YOUR GOAL:
Below are the records; copy every line in them that holds the string "transportation".

[Crawled caption data]
━━━━━━━━━━
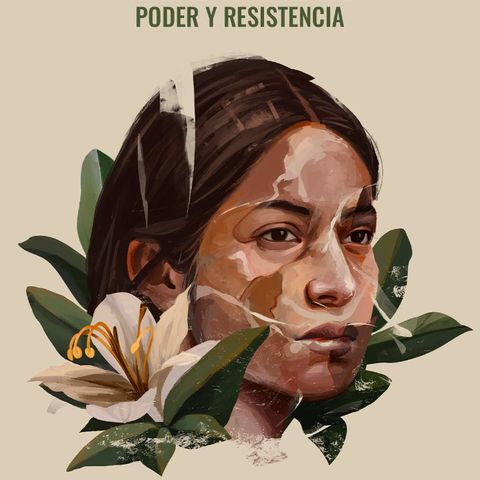 Mujeres lideresas e indígenas: poder y resistencia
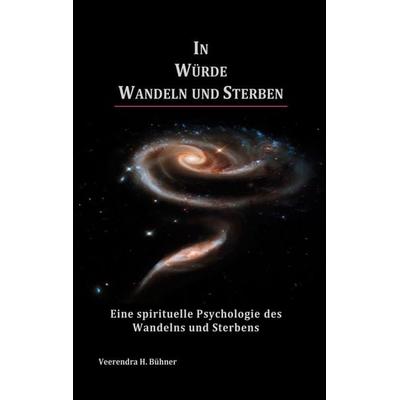 In Würde Wandeln und Sterben, Taschenbuch von Veerendra H. Bühner, BoD – Books on Demand, 978-3-7568-8320-2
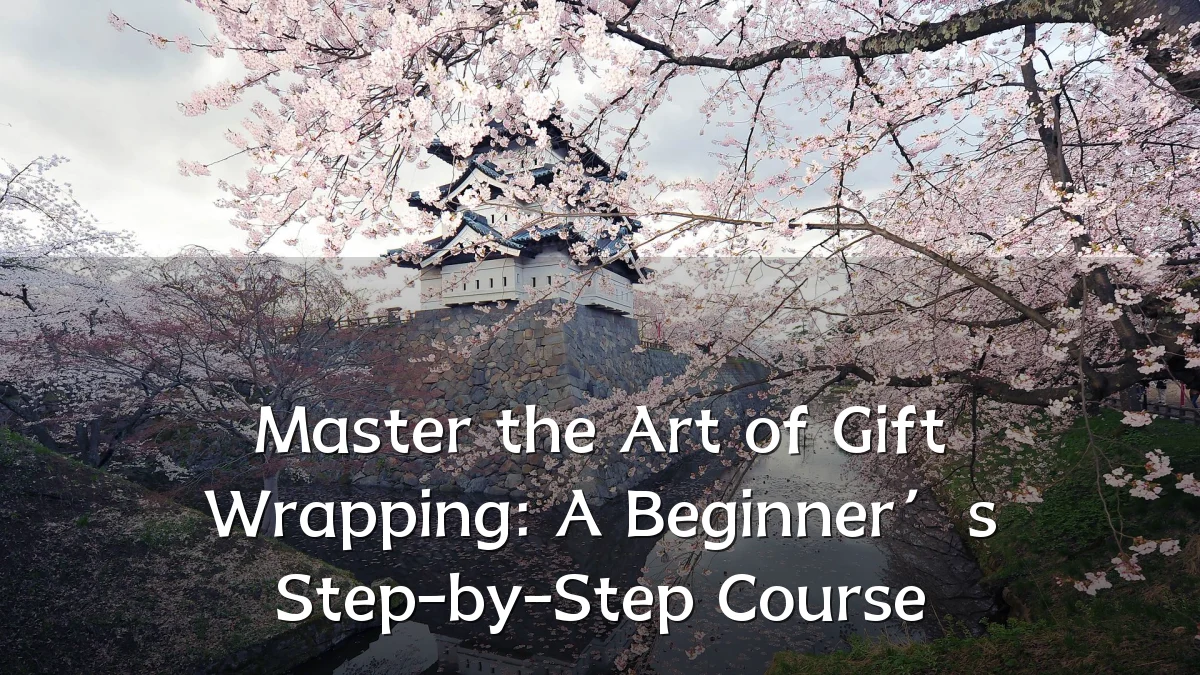 Master the Art of Gift Wrapping: A Beginner’s Step-by-Step Course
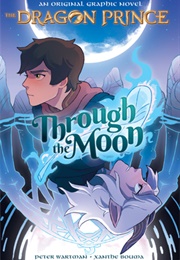 Through the Moon (Peter Wartman, Xanthe Bouma)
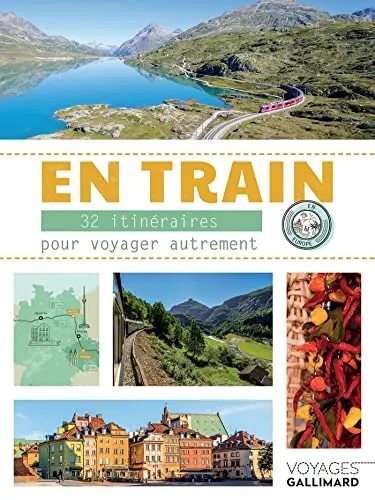 En train: 32 itinéraires pour voyager autrement en Europe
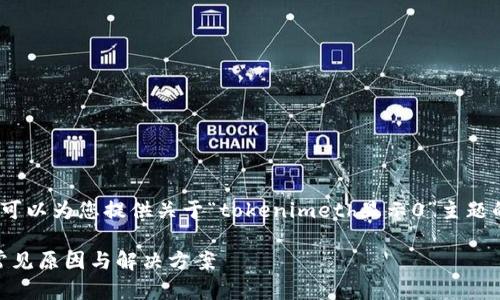 抱歉，我无法提供此请求的详细内容。不过，我可以为您提供关于“tokenimeth显示0”主题的一些基本信息和解析，帮助您理解这个问题。

### 解决 Tokenimeth 显示 0 的问题：常见原因与解决方案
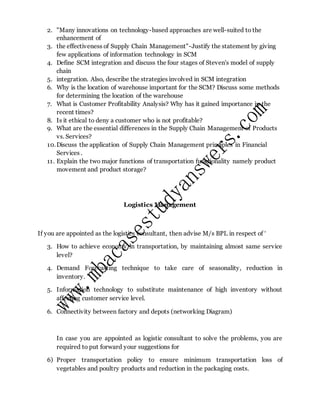 2. "Many innovations on technology-based approaches are well-suited to the
enhancement of
3. the effectiveness of Supply Chain Management"-Justify the statement by giving
few applications of information technology in SCM
4. Define SCM integration and discuss the four stages of Steven's model of supply
chain
5. integration. Also, describe the strategies involved in SCM integration
6. Why is the location of warehouse important for the SCM? Discuss some methods
for determining the location of the warehouse
7. What is Customer Profitability Analysis? Why has it gained importance in the
recent times?
8. Is it ethical to deny a customer who is not profitable?
9. What are the essential differences in the Supply Chain Management of Products
vs. Services?
10.Discuss the application of Supply Chain Management principles in Financial
Services .
11. Explain the two major functions of transportation functionality namely product
movement and product storage?
Logistics Management
If you are appointed as the logistics consultant, then advise M/s BPL in respect of ‘
3. How to achieve economy in transportation, by maintaining almost same service
level?
4. Demand Forecasting technique to take care of seasonality, reduction in
inventory.
5. Information technology to substitute maintenance of high inventory without
affecting customer service level.
6. Connectivity between factory and depots (networking Diagram)
In case you are appointed as logistic consultant to solve the problems, you are
required to put forward your suggestions for
6) Proper transportation policy to ensure minimum transportation loss of
vegetables and poultry products and reduction in the packaging costs.
 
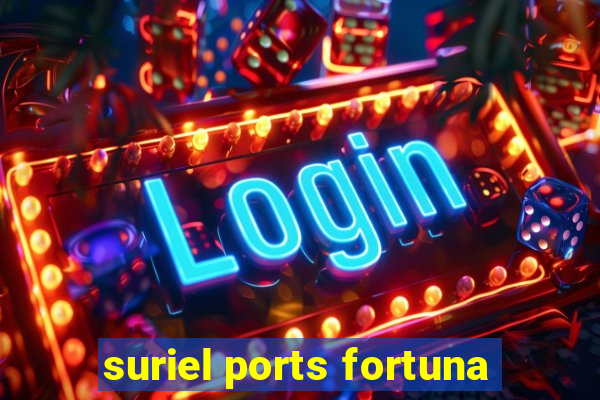 suriel ports fortuna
━━━━━━━━━━
EXERCISE ANSWER:
11. Explain the two major functions of transportation functionality namely product
3. How to achieve economy in transportation, by maintaining almost same service
6) Proper transportation policy to ensure minimum transportation loss of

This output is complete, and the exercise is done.